Running unsupervised EM algorithm...
converged after 165 iterations.
Running unsupervised EM algorithm...
converged after 169 iterations.


In [None]:
plt.figure(figsize=(12, 8))
plt.title('log-likelihood in supervised GMM Predictions')
plt.xlabel('iteration')
plt.ylabel('log-likelihood value')
for k in range(NUM_TRIALS):
    plt.plot(log_likelihood_list_1[k], label = 'Trial number {} '.format(k))
plt.legend()
plt.show()

## (e) [7 points] [Coding Problem] Semi-supervised EM Implementation. 

Now we will consider both the labelled and unlabelled examples (a total of $m+\tilde{m}$ ), with $5$ labelled examples per cluster. We have provided starter code for splitting the dataset into a matrices $x$ of labelled examples and $x_{tilde}$ of unlabelled examples. Add to your code in `src/p03_gmm.py` to implement the modified EM algorithm, and run it on the dataset until convergence.

Create a plot for each trial, as done in the previous sub-question.

__Note:__ You only need to submit the three plots in your write-up.
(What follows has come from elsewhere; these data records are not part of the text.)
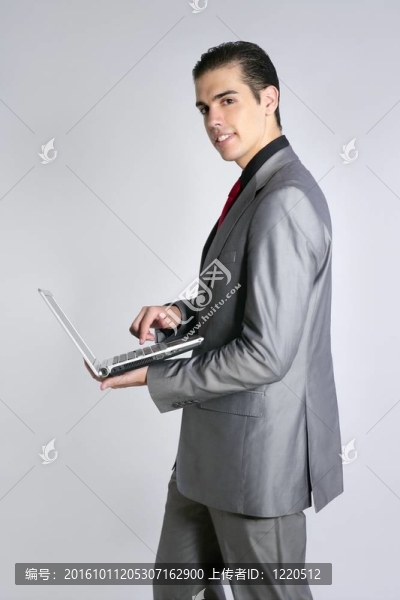 商人在灰色西裝控股筆記本電腦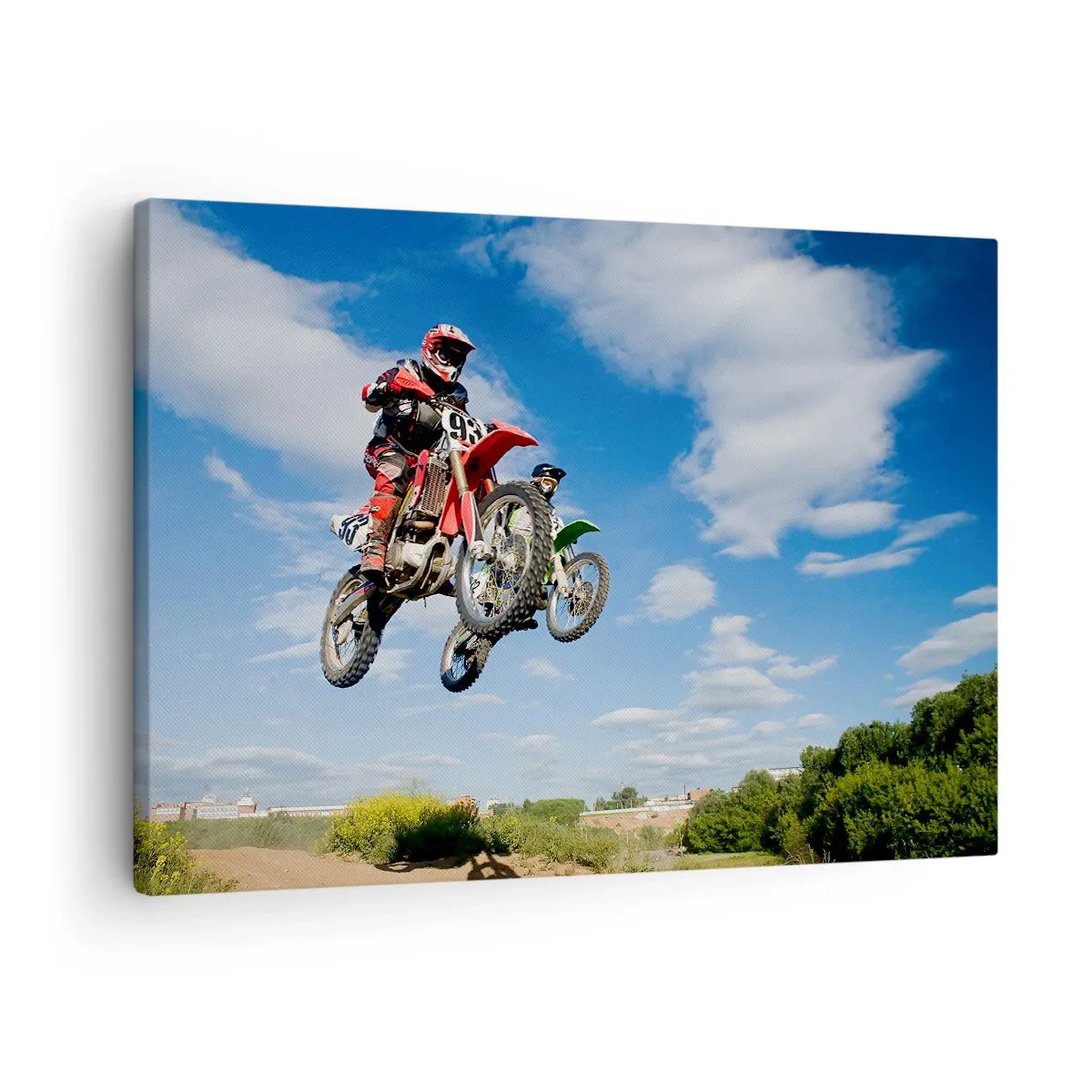 Obraz na płótnie - Zawodnicy na motocyklach crossowych w powietrzu podczas skoku - 70x50cm - Podniebny skok - Nowoczesna dekoracja ścienna do salonu i sypialni ARTTOR
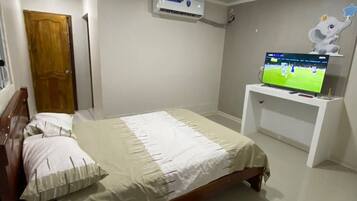 A bedroom with a bed, a television on a stand, an air conditioning unit, and a door.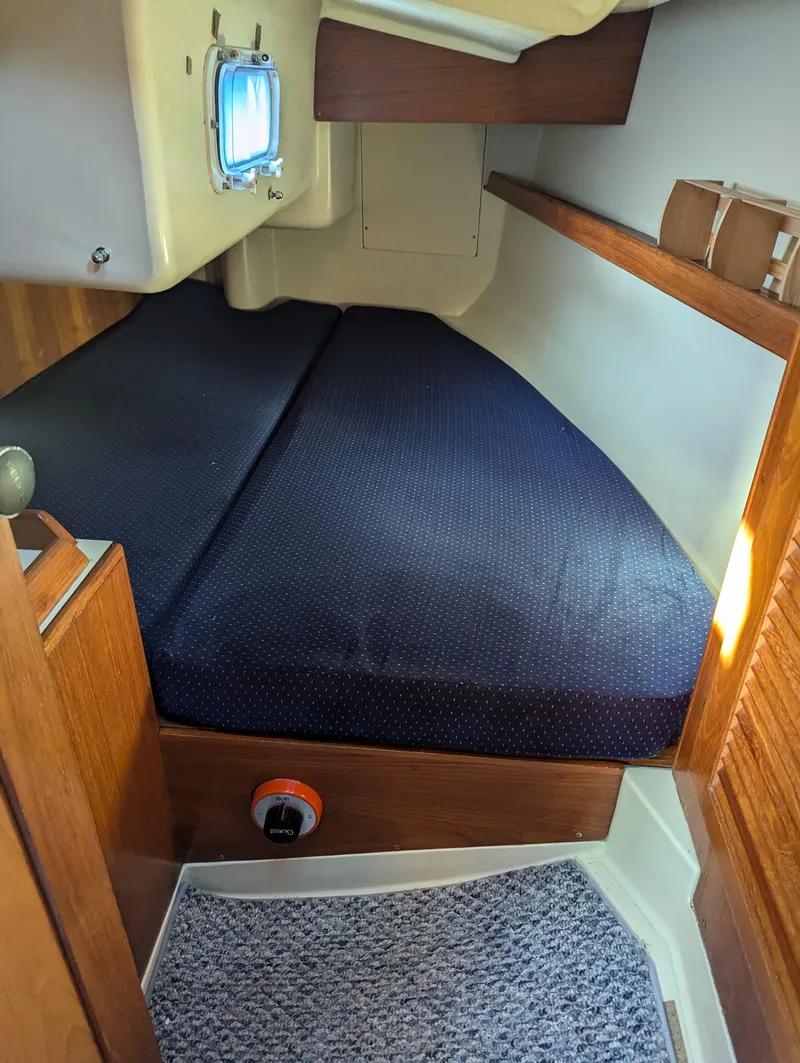 Slide: The Image of 1985 Pearson P-28 sailboat cabin with cozy bed and wooden interior. - 20
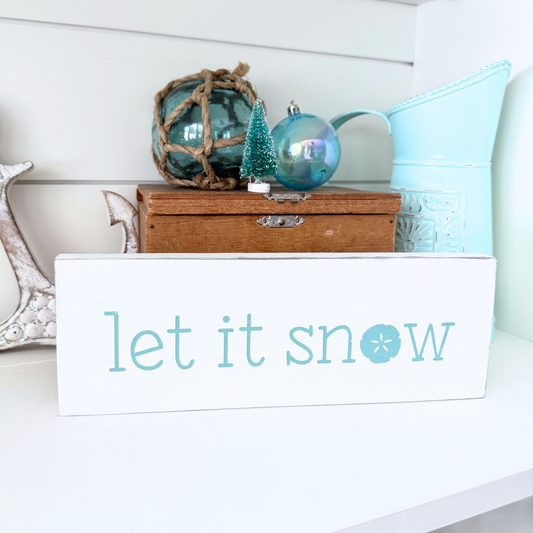 A white rectangular wooden sign with the phrase 'let it snow' in aqua blue lettering, styled on a white shelf with holiday decorations including blue ornaments, a small tree, a wooden box, and a mint pitcher.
Your code will not be
autograded.

### Answer:

In [None]:
def M_step_semi(x, w, x_tilde, z_tilde, mu, sigma, phi, alpha):
    # w.shape = (m,K)
    # x.shape = (m,n)
    _, K = w.shape
    m, _ = x.shape
    m_tilde, _ = x_tilde.shape

    w_tilde = np.zeros((m_tilde, K))
    for i in range(K):
        z_tilde = z_tilde.squeeze()
        w_tilde[:,i] = (z_tilde == i)
        
    #print(w_tilde)
    #print(z_tilde)
    
    phi = (np.sum(w, axis = 0) + alpha * np.sum(w_tilde, axis = 0))/(m+alpha*m_tilde)
    
    temp = (w.T@x + alpha * w_tilde.T@x_tilde)/(np.sum(w, axis = 0).reshape(-1,1) + alpha* np.sum(w_tilde, axis = 0).reshape(-1,1))
    mu = list(temp)
    
    for j in range(K):
        temp = ((x-mu[j])*w[:,j].reshape(-1,1)).T@(x-mu[j])+alpha* ((x_tilde-mu[j])*w_tilde[:,j].reshape(-1,1)).T@(x_tilde-mu[j])
        sigma[j] = (temp)/(np.sum(w[:,j])+ alpha*np.sum(w_tilde[:,j]))
    return mu, sigma, phi

In [None]:
def run_semi_supervised_em(x, x_tilde, z, w, phi, mu, sigma,  trial_num):
    """Problem 3(e): Semi-Supervised EM Algorithm.
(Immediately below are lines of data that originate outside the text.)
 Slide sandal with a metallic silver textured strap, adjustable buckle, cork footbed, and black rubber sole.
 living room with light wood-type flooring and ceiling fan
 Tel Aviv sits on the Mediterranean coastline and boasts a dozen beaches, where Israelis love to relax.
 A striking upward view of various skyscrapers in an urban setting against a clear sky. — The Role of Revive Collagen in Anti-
    See inline comments for instructions.

    Args:
        x: Design matrix of unlabeled examples of shape (m, n).
        x_tilde: Design matrix of labeled examples of shape (m_tilde, n).
        z: Array of labels of shape (m_tilde, 1).
        w: Initial weight matrix of shape (m, k).
        phi: Initial mixture prior, of shape (k,).
        mu: Initial cluster means, list of k arrays of shape (n,).
        sigma: Initial cluster covariances, list of k arrays of shape (n, n).

    Returns:
        Updated weight matrix of shape (m, k) resulting from semi-supervised EM algorithm.
        More specifically, w[i, j] should contain the probability of
        example x^(i) belonging to the j-th Gaussian in the mixture.
    """
    # No need to change any of these parameters
    alpha = 20.  # Weight for the labeled examples
    eps = 1e-3   # Convergence threshold
    max_iter = 100

    # Stop when the absolute change in log-likelihood is < eps
    # See below for explanation of the convergence criterion
    it = 0
    ll = prev_ll = None
    LL = []
    while it < max_iter and (prev_ll is None or np.abs(ll - prev_ll) >= eps):
        pass  # Just a placeholder for the starter code
        # *** START CODE HERE ***
        # (1) E-step: Update your estimates in w
        
        w = update_w(x, mu, sigma, phi)
        
        # (2) M-step: Update the model parameters phi, mu, and sigma
        
        mu, sigma, phi = M_step_semi(x, w, x_tilde, z, mu, sigma, phi, alpha)
        
        # (3) Compute the log-likelihood of the data to check for convergence.
        # Hint: Make sure to include alpha in your calculation of ll.
        # Hint: For debugging, recall part (a). We showed that ll should be monotonically increasing.
        prev_ll = ll
        ll = log_likelihood(x,K,mu,sigma,phi)
        
        LL.append(ll)
        
        it+=1
        # *** END CODE HERE ***
    log_likelihood_list_2.append(LL)
    print('converged after {} iterations.'.format(it))
    return w

In [None]:
if __name__ == '__main__':
    np.random.seed(220)
    # Run NUM_TRIALS trials to see how different initializations
    # affect the final predictions with and without supervision
    for t in range(NUM_TRIALS):
        #main(is_semi_supervised=False, trial_num=t)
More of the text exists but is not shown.